You can build a graph however you like, with pure TensorFlow. If your model is written with tensorpack’s ModelDesc, you can also build it like this:

a, b = tf.placeholder(...), tf.placeholder(...)
# call ANY symbolic functions on a, b. e.g.:
with TowerContext('', is_training=False):
    model.build_graph(a, b)

Note

Do not use metagraph for inference!.

Metagraph is the wrong abstraction for a “model”. It stores the entire graph which contains not only the mathematical model, but also all the training settings (queues, iterators, summaries, evaluations, multi-gpu replications). Therefore it is usually wrong to import a training metagraph for inference.

It’s especially error-prone to load a metagraph on top of a non-empty graph. The potential name conflicts between the current graph and the nodes in the metagraph can lead to esoteric bugs or sometimes completely ruin the model.

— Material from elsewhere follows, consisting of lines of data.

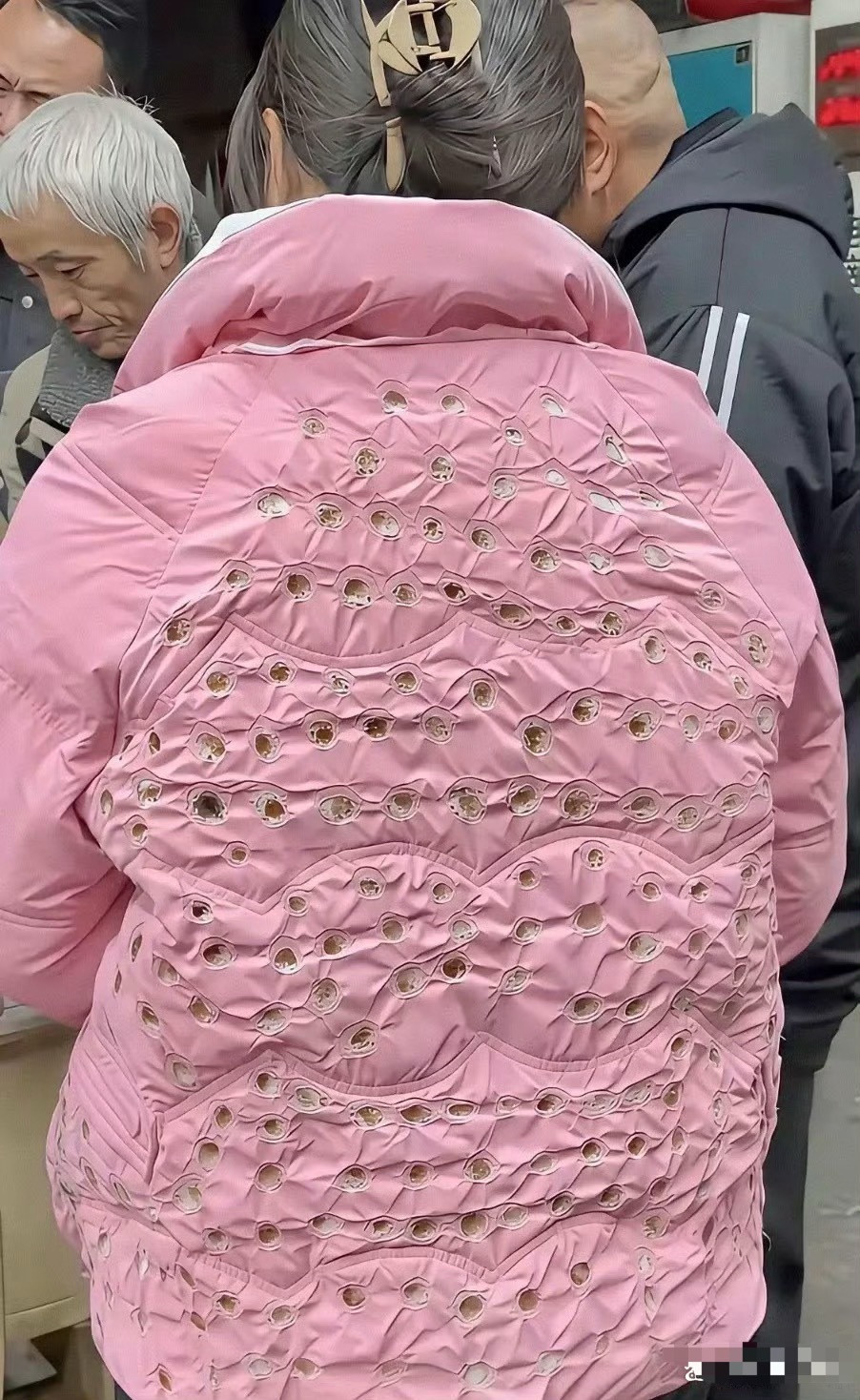 这男的简直就是……丧尽天良啊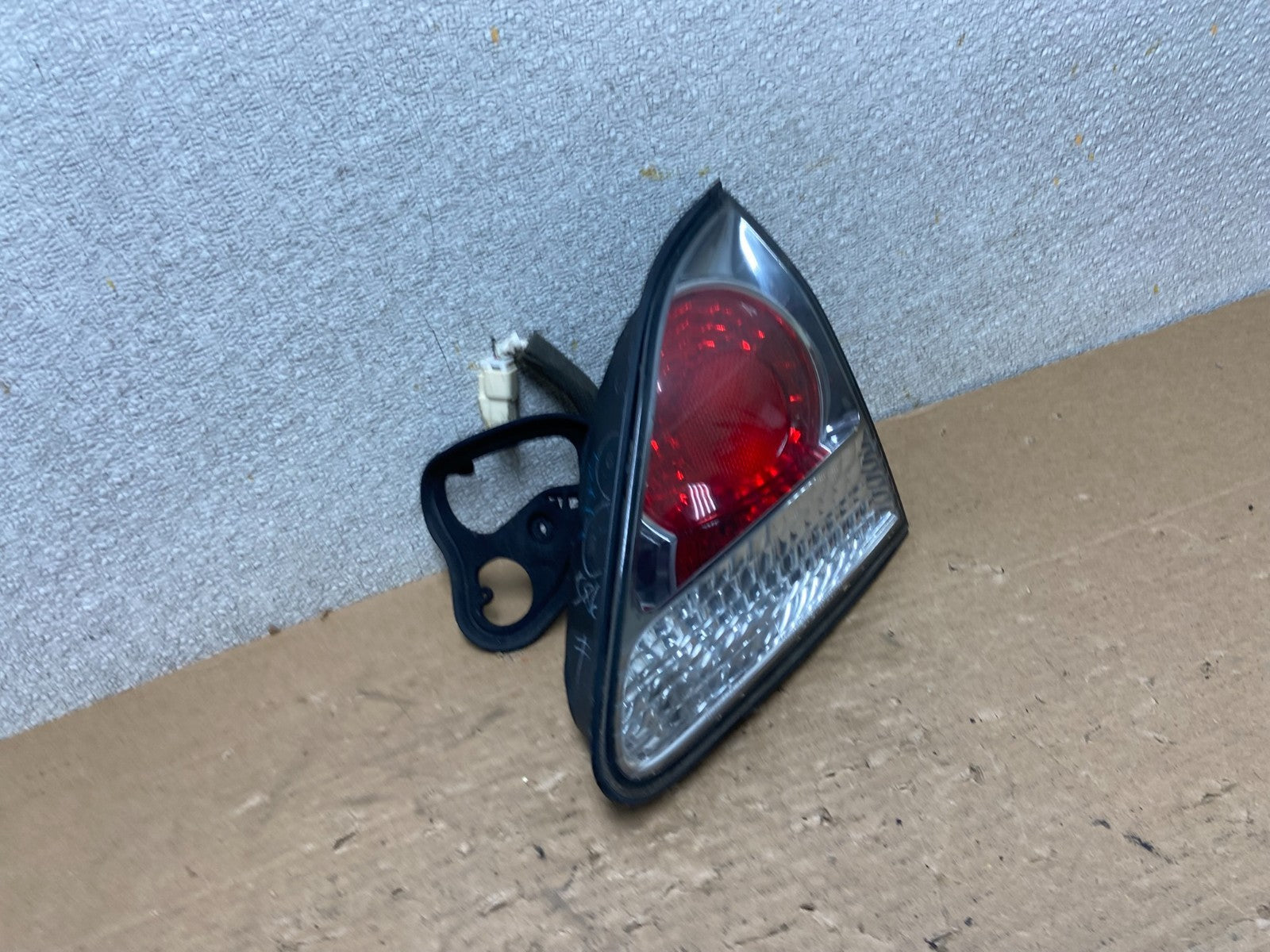 2000-2003 Lexus RX300 Right Passenger Side Rear Inner Tail Light Oem AB4803 LK2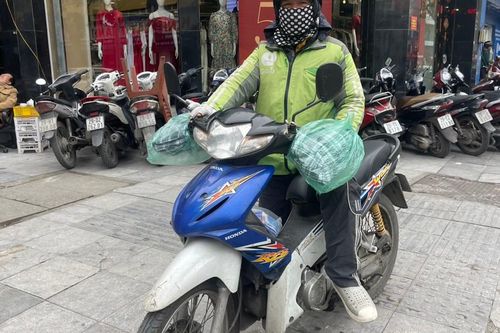 Tài xế công nghệ vật lộn mưu sinh dưới thời tiết lạnh giá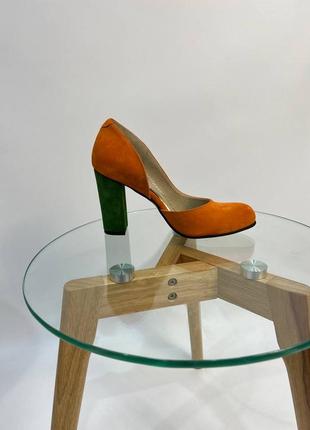 Женские туфли на высоком каблуке в столбик из натуральной замши ярко рыжего цвета комбинированные с зелёным каблуком3 фото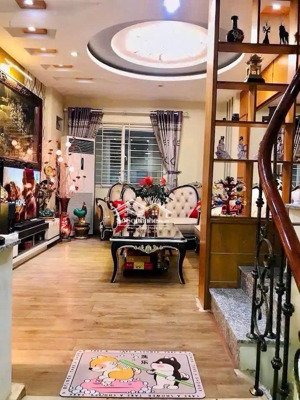 nhà gần hồ, phố lạc long quân, vuông vắn ngõ rộng, cách ô tô 30m, giá 9,5 tỷ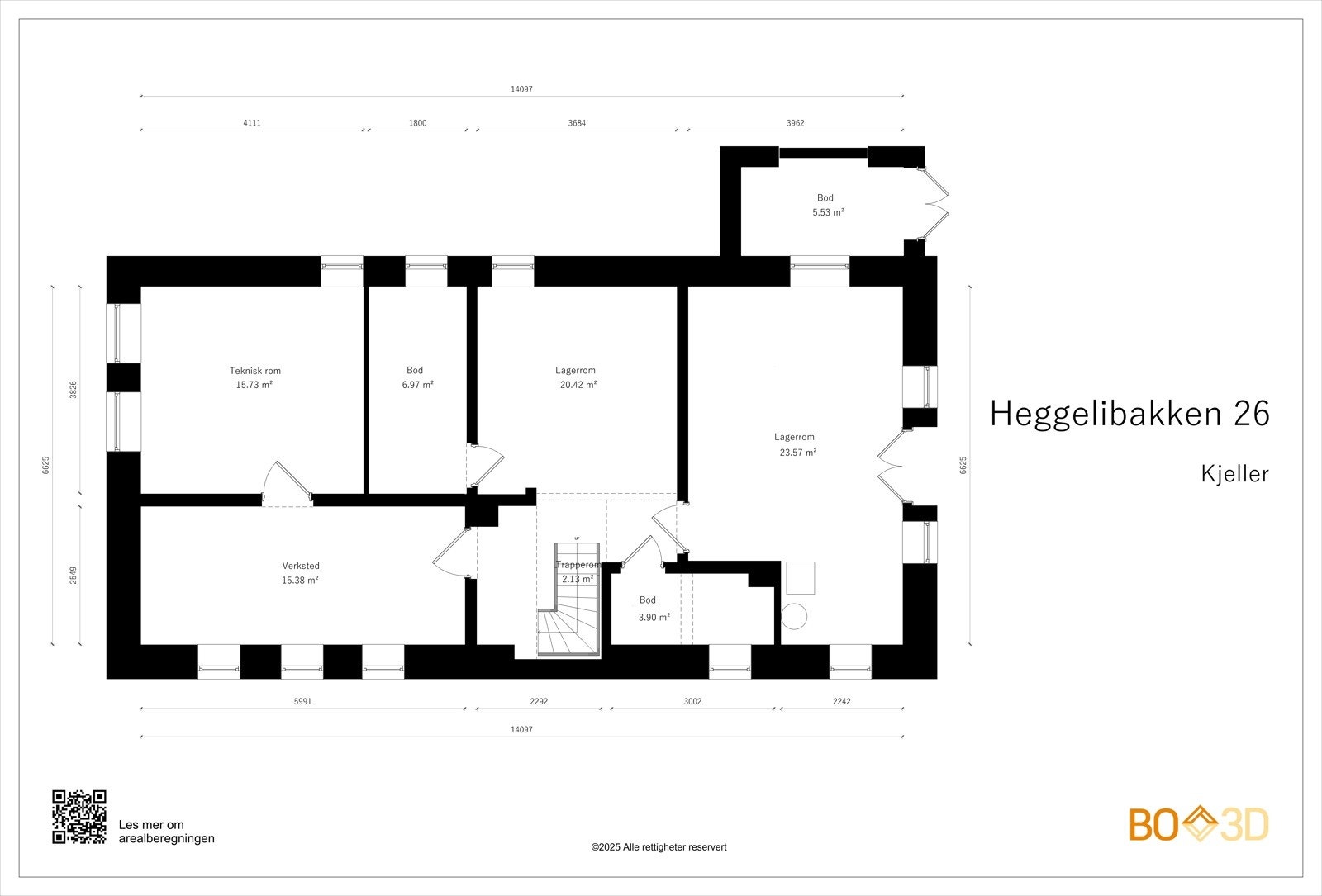 Planskisse kjeller: Etasjen måler 11 kvm og har inngang utenfra såvel som fra kjøkkenet i etasjen over. Takhøyden varierer fra 1,98-2,08 meter. Etasjen består av 6 boder/lagerrom/verksted/teknisk rom og det er vinduer i samtlige rom + utvendig bod. Galleribilde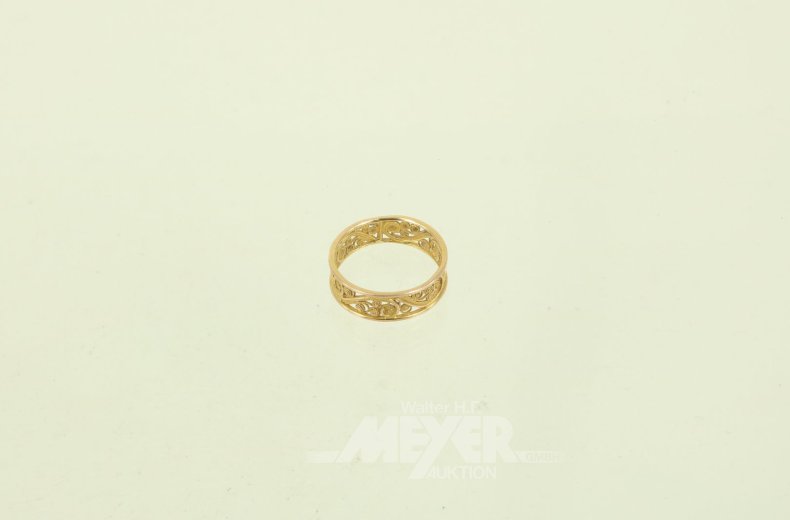 Ring mit durchbrochenem Motiv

It’s also very common to change the graph for inference. For example, you may need a different data layout for CPU inference, or you may need placeholders in the inference graph (which may not even exist in the training graph). However metagraph is not designed to be easily modified at all.

Due to the above reasons, to do inference, it’s best to recreate a clean graph (and save it if needed) by yourself.

Step 2: load the checkpoint

You can just use tf.train.Saver for all the work. Alternatively, use tensorpack’s SaverRestore(path).init(tf.get_default_session())

Now, you’ve already built a graph for inference, and the checkpoint is loaded. You may now:

  1. use sess.run to do inference

  2. save the grpah to some formats for further processing

  3. apply graph transformation for efficient inference

These steps are unrelated to tensorpack, and you’ll need to learn TensorFlow and do it yourself.